How to complete this task -> The entries that follow should be written out exactly.

Records from a dataset
=-=-=

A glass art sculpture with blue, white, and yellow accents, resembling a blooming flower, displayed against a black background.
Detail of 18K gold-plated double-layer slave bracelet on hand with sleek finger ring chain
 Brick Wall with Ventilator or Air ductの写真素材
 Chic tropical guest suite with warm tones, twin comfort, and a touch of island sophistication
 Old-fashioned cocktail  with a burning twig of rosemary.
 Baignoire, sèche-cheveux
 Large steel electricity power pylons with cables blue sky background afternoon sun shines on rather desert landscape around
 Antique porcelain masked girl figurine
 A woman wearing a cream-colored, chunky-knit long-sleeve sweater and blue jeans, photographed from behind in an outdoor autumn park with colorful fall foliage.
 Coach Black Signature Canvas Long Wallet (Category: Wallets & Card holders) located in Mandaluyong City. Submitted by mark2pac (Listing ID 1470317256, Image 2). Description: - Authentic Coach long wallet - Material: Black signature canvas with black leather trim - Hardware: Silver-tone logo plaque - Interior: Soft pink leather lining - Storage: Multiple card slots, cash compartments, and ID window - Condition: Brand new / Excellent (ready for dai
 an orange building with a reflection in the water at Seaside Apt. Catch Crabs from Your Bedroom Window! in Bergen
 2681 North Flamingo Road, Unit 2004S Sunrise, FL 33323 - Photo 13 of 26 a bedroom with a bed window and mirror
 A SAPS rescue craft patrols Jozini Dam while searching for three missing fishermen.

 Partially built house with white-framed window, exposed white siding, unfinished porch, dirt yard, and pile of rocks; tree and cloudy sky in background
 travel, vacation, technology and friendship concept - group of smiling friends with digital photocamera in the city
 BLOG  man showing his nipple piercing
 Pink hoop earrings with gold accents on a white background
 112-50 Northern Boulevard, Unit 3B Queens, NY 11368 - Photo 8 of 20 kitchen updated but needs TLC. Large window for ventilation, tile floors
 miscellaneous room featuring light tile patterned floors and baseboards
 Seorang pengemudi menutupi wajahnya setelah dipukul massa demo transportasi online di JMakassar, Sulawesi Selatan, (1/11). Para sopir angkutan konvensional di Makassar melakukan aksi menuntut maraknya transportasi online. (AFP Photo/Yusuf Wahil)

=-=-=

Answer ->
A glass art sculpture with blue, white, and yellow accents, resembling a blooming flower, displayed against a black background.
Detail of 18K gold-plated double-layer slave bracelet on hand with sleek finger ring chain
 Brick Wall with Ventilator or Air ductの写真素材
 Chic tropical guest suite with warm tones, twin comfort, and a touch of island sophistication
 Old-fashioned cocktail  with a burning twig of rosemary.
 Baignoire, sèche-cheveux
 Large steel electricity power pylons with cables blue sky background afternoon sun shines on rather desert landscape around
 Antique porcelain masked girl figurine
 A woman wearing a cream-colored, chunky-knit long-sleeve sweater and blue jeans, photographed from behind in an outdoor autumn park with colorful fall foliage.
 Coach Black Signature Canvas Long Wallet (Category: Wallets & Card holders) located in Mandaluyong City. Submitted by mark2pac (Listing ID 1470317256, Image 2). Description: - Authentic Coach long wallet - Material: Black signature canvas with black leather trim - Hardware: Silver-tone logo plaque - Interior: Soft pink leather lining - Storage: Multiple card slots, cash compartments, and ID window - Condition: Brand new / Excellent (ready for dai
 an orange building with a reflection in the water at Seaside Apt. Catch Crabs from Your Bedroom Window! in Bergen
 2681 North Flamingo Road, Unit 2004S Sunrise, FL 33323 - Photo 13 of 26 a bedroom with a bed window and mirror
 A SAPS rescue craft patrols Jozini Dam while searching for three missing fishermen.

 Partially built house with white-framed window, exposed white siding, unfinished porch, dirt yard, and pile of rocks; tree and cloudy sky in background
 travel, vacation, technology and friendship concept - group of smiling friends with digital photocamera in the city
 BLOG  man showing his nipple piercing
 Pink hoop earrings with gold accents on a white background
 112-50 Northern Boulevard, Unit 3B Queens, NY 11368 - Photo 8 of 20 kitchen updated but needs TLC. Large window for ventilation, tile floors
 miscellaneous room featuring light tile patterned floors and baseboards
 Seorang pengemudi menutupi wajahnya setelah dipukul massa demo transportasi online di JMakassar, Sulawesi Selatan, (1/11). Para sopir angkutan konvensional di Makassar melakukan aksi menuntut maraknya transportasi online. (AFP Photo/Yusuf Wahil)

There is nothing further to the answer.